Re: [PATCH] drm/amd/pm: correct the checks for fan attributes support

[Date Prev][Date Next][Thread Prev][Thread Next][Date Index][Thread Index]

 





On 1/10/2022 1:25 PM, Quan, Evan wrote:
[AMD Official Use Only]



-----Original Message-----
From: Lazar, Lijo <Lijo.Lazar@xxxxxxx>
Sent: Monday, January 10, 2022 3:36 PM
To: Quan, Evan <Evan.Quan@xxxxxxx>; amd-gfx@xxxxxxxxxxxxxxxxxxxxx
Cc: Deucher, Alexander <Alexander.Deucher@xxxxxxx>
Subject: Re: [PATCH] drm/amd/pm: correct the checks for fan attributes
support



On 1/10/2022 11:30 AM, Evan Quan wrote:
Before we relied on the return values from the corresponding interfaces.
That is with low efficiency. And the wrong intermediate variable used
makes the fan mode stuck at manual mode which then causes overheating
in
3D graphics tests.

Signed-off-by: Evan Quan <evan.quan@xxxxxxx>
Change-Id: Ia93ccf3b929c12e6d10b50c8f3596783ac63f0e3
---
   drivers/gpu/drm/amd/pm/amdgpu_dpm.c     | 23
+++++++++++++++++++++++
   drivers/gpu/drm/amd/pm/amdgpu_pm.c      | 20 ++++++++++----------
   drivers/gpu/drm/amd/pm/inc/amdgpu_dpm.h | 12 ++++++++++++
   3 files changed, 45 insertions(+), 10 deletions(-)
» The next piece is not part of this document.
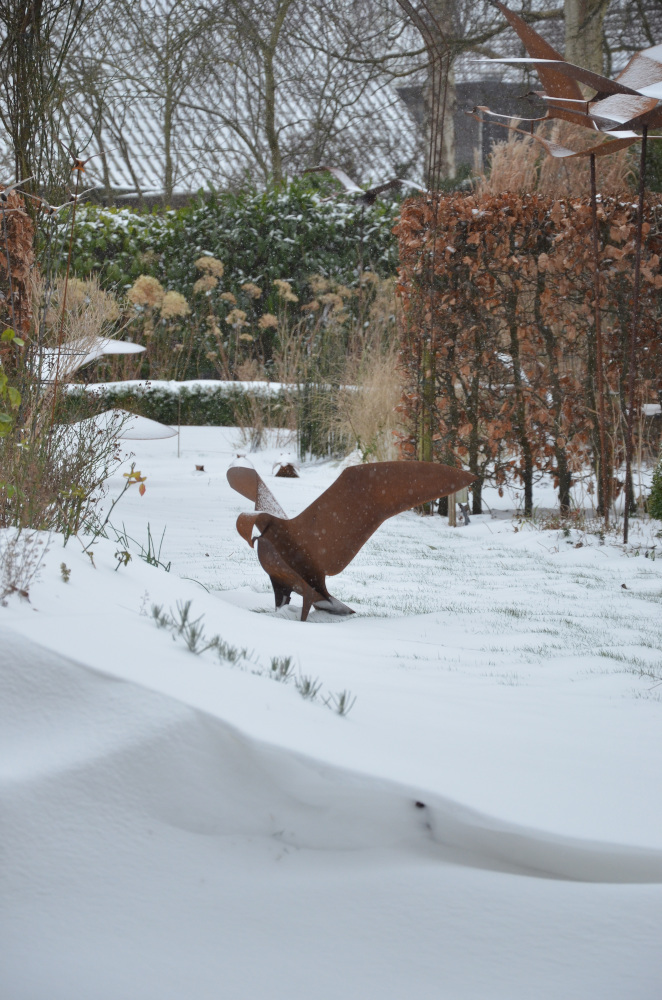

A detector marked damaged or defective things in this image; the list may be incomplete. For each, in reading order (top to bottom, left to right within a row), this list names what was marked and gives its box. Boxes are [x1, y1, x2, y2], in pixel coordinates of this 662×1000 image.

rusty metal stake [624, 129, 652, 548]
rusted metal disc sculpture [230, 458, 478, 616]
rusty metal bird sculpture [230, 462, 478, 620]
diff --git a/drivers/gpu/drm/amd/pm/amdgpu_dpm.c
b/drivers/gpu/drm/amd/pm/amdgpu_dpm.c
index 68d2e80a673b..e732418a9558 100644
--- a/drivers/gpu/drm/amd/pm/amdgpu_dpm.c
+++ b/drivers/gpu/drm/amd/pm/amdgpu_dpm.c
@@ -1547,3 +1547,26 @@ int amdgpu_dpm_get_dpm_clock_table(struct
amdgpu_device *adev,

   	return ret;
   }
+
+int amdgpu_dpm_is_fan_operation_supported(struct amdgpu_device
*adev,
+					  enum fan_operation_id id)
+{
+	const struct amd_pm_funcs *pp_funcs = adev->powerplay.pp_funcs;
+
+	switch (id) {
+	case FAN_CONTROL_MODE_RETRIEVING:
+		return pp_funcs->get_fan_control_mode ? 1 : 0;
+	case FAN_CONTROL_MODE_SETTING:
+		return pp_funcs->set_fan_control_mode ? 1 : 0;
+	case FAN_SPEED_PWM_RETRIEVING:
+		return pp_funcs->get_fan_speed_pwm ? 1 : 0;
+	case FAN_SPEED_PWM_SETTING:
+		return pp_funcs->set_fan_speed_pwm ? 1 : 0;
+	case FAN_SPEED_RPM_RETRIEVING:
+		return pp_funcs->get_fan_speed_rpm ? 1 : 0;
+	case FAN_SPEED_RPM_SETTING:
+		return pp_funcs->set_fan_speed_rpm ? 1 : 0;
+	default:
+		return 0;
+	}
+}
diff --git a/drivers/gpu/drm/amd/pm/amdgpu_pm.c
b/drivers/gpu/drm/amd/pm/amdgpu_pm.c
index d3eab245e0fe..57721750c51a 100644
--- a/drivers/gpu/drm/amd/pm/amdgpu_pm.c
+++ b/drivers/gpu/drm/amd/pm/amdgpu_pm.c
@@ -3263,15 +3263,15 @@ static umode_t
hwmon_attributes_visible(struct kobject *kobj,
   		return 0;

   	/* mask fan attributes if we have no bindings for this asic to expose
*/
-	if (((amdgpu_dpm_get_fan_speed_pwm(adev, &speed) == -EINVAL)
&&
+	if ((!amdgpu_dpm_is_fan_operation_supported(adev,
FAN_SPEED_PWM_RETRIEVING) &&

As per the current logic, it's really checking the hardware registers.
[Quan, Evan] I probably should mention the "current" version you see now is actually a regression introduced by the commit below:
801771de0331 drm/amd/pm: do not expose power implementation details to amdgpu_pm.c

The very early version(which works good) is something like below:
-       if (!is_support_sw_smu(adev)) {
-               /* mask fan attributes if we have no bindings for this asic to expose */
-               if ((!adev->powerplay.pp_funcs->get_fan_speed_pwm &&
-                    attr == &sensor_dev_attr_pwm1.dev_attr.attr) || /* can't query fan */
-                   (!adev->powerplay.pp_funcs->get_fan_control_mode &&
-                    attr == &sensor_dev_attr_pwm1_enable.dev_attr.attr)) /* can't query state */
-                       effective_mode &= ~S_IRUGO;

So, the changes here are really just back to old working version. It aims to provide a quick fix for the failures reported by CQE.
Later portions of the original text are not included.